Thanks very much Gundaroo... what is the head like? Always wondered how to aproximate the head those little CO2 widgets give you when homebrewing...

cheers. Jerry


----------



## Bribie G (9/4/09)

To get a tight creamy head, go to the local chemist dressed really nicely and buy a hypodermic syringe (without needle of course). I've got a couple of 30ml jobs. 

Suck up about 10 ml out of the beer glass and squirt it forcibly back into the beer so it whooshes right down to the bottom of the glass. Instant 'draught guinness' effect that settles out to a tight head. However start off very cautiously till you get the hang of the method otherwise you will end up with some gushers.


----------



## db73 (6/5/09)

I have put down a morgans royal oak amber ale + 1kg Kilkenny style beer converter (dextrose, malt, hops and maltodextrin) from Brewers world. Anyone tried this? I will be keen to see how it turns out.

Dave


----------



## Neill (7/5/09)

I was gunna do one of these

Royal Oak amber ale goo
1.5kg amber LME
300g dex
Nottingham yeast @ 15 degrees


aiming for roughly english style amber ale - does anyone recommend adding a hop boil in to this? just wanting a smooth drinking amber ale, but unsure if i'll need more hopping. thoughts?


----------



## chappo1970 (7/5/09)

Neill said:


> I was gunna do one of these
> 
> Royal Oak amber ale goo
> 1.5kg amber LME
> ...


Looks good I would try an EKG hop tea and maybe some dry hopped. It will freshen up the hops flavour of the kit a bit. I would up the ferment temp to 16C I found notto wanted to keep having a nap at 15C. Also why not 500gr of LDME instead of the Dex?
My 2c FWIW.

Cheers

Chappo


----------



## Neill (7/5/09)

Good advice chappo, i have never used this kit before so was a bit unsure of the hop levels in the kit. what sort of boil times and hop weight do you reckon? i was thinking 20g for 20 min, 10g for 10 min and 10g dry hopped? that might be overkill though. 

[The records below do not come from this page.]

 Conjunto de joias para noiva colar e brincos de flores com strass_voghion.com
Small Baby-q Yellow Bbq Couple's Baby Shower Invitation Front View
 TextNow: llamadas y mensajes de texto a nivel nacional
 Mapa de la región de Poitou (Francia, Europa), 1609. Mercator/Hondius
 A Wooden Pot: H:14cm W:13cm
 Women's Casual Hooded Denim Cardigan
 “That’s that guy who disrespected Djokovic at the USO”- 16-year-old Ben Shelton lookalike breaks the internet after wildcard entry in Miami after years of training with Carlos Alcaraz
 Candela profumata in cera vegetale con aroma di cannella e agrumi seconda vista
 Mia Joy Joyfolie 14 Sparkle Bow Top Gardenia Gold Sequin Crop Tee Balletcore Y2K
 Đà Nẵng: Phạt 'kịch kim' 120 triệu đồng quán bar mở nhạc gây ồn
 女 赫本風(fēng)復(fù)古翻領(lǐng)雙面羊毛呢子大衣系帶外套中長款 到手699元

I would use LME but i don't want to split a can - i find it easier to dole out a little extra dex to up the sugar content. i'm very lazy 

thanks for the tip on the notto, first time i've used it. 16 degrees sounds good.


----------



## np1962 (7/5/09)

Neill said:


> Good advice chappo, i have never used this kit before so was a bit unsure of the hop levels in the kit. what sort of boil times and hop weight do you reckon? i was thinking 20g for 20 min, 10g for 10 min and 10g dry hopped? that might be overkill though.
> 
> I would use LME but i don't want to split a can - i find it easier to dole out a little extra dex to up the sugar content. i'm very lazy
> 
> thanks for the tip on the notto, first time i've used it. 16 degrees sounds good.




Neill,
I assume Chappo was referring to Light DRY Malt Extract

Nige


----------



## Neill (7/5/09)

You're spot on nige, well picked up. I should mention that i'm actually using a 50/50 mix of dex and Light Dry Malt Extract too. must have had a few too many beers before i posted that!


----------



## chappo1970 (7/5/09)

Neill said:


> snip...i was thinking 20g for 20 min, 10g for 10 min and 10g dry hopped? that might be overkill though.
> ....


+1 to Nige LDME

I would go 20gr for 20mins, 7gr at flame out and 10gr Dry hop. You could drop the dry hop if you didn't want to go overkill I'm a bit of hophead but certainly do the 20 and flame out to boost the kit. The kit will have enough bittering to carry itself.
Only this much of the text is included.